Ma soprattutto in questa storia dobbiamo vedere la storia della Chiesa, che è una lotta continua per superare questa tentazione: la tentazione di voler mettere le mani su Dio! “Dio è con me e allora le cose che faccio io appartengono a Dio; i successi miei sono i successi di Dio; quello che faccio ha l’appoggio di Dio”. Non è vero per niente. Guardando alla storia della Chiesa ci accorgiamo che ci sono delle slogature continue, continue ferite, dovute a questa pretesa di avere Dio dalla propria parte e pensare di poterlo strumentalizzare, di voler mettere le mani su di Lui e portarlo dalla nostra parte. Ma non è così, perché Dio è Dio di tutti: è il Dio di Abramo, di Isacco, di Giacobbe, come lo era di Esaù, di Labàno. Dio è il Dio di tutti gli uomini, non soltanto il Dio dei cristiani, il Dio dei cattolici. Anche se certamente è attraverso la Chiesa che Egli vuole arrivare a portare la benedizione e la verità anche su tutti gli altri.
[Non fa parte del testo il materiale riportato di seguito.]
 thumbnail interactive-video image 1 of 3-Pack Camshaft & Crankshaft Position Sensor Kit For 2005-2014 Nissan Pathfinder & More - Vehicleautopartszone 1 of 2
E allora ecco che i termini della lotta misteriosa di Giacobbe si possono vedere in pratica anche nella nostra vita. Il Signore lotta con noi perché è attraverso questa lotta che Lui vuole insegnarci l’Amore, aiutarci a crescere in questo amore. E l’insegnamento è quello di non voler pretendere, di tirar Dio dalla nostra parte, portarlo a fare la nostra volontà. Siamo noi che dobbiamo chiedere al Signore che ci aiuti a fare la Sua volontà, dal momento che, come dice Dante, mettendo in bocca a Piccarda Donati queste parole, «In sua voluntade è nostra pace». Noi troveremo la nostra pace e la nostra serenità, non se Dio fa la nostra volontà – che spesso vede il bene dove in realtà non c’è – ma la pace sta nella nostra capacità di accettare la volontà di Dio e di metterla in pratica ogni giorno.